Robert Mondavi, winemaker was 94

MondaviAppropos of not much, when my daughter was about nine months old Robert Mondavi stopped by our table at Mustard's, beside his winery in the Napa Valley, and offered to buy her. His sense of humor, I guess. Mondavi, perhaps the last giant of the California wine life, died today at his home in Yountville. Here's the Associated Press obituary, and an excerpt from Shawn Hubler's in the L.A. Times:

The son of an Italian-born grape wholesaler from the Central Valley, Mondavi was, at the end of his life, one of the best-known figures in American viticulture, with a name that was almost synonymous with California wine. His cabernets and chardonnays have been served at the White House and sold by the glass at Disney theme parks.

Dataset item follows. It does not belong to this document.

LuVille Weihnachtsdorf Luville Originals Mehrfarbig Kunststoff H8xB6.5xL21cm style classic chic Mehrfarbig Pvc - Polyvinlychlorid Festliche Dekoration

His Cain-and-Abel exile from his family business after a fistfight with his brother was the source of legend.

His Mission-style winery in Oakville is a landmark and wine label icon. Though he had little formal training in winemaking, he is credited with the invention of fume blanc in the 1960s, and with popularizing chardonnay, in the words of the Wine Spectator, "as the great California white." At a time when the phrase "fine domestic wine" was considered an oxymoron in the United States, he insisted that California wine could be positioned as a status symbol -- a strategy that cleared the way for the modern era of $2,000 cult bottles of Screaming Eagle and trophy wineries.

When Chateau Mouton-Rothschild of Bordeaux approached him about a Franco-American collaboration -- the equivalent, in the words of wine industry consultant Vic Motto of "Goliath coming to David to learn how to throw stones" -- the resulting Opus One cabernet sauvignon not only sold for a then-unprecedented $50 a bottle, but validated his vision for the industry.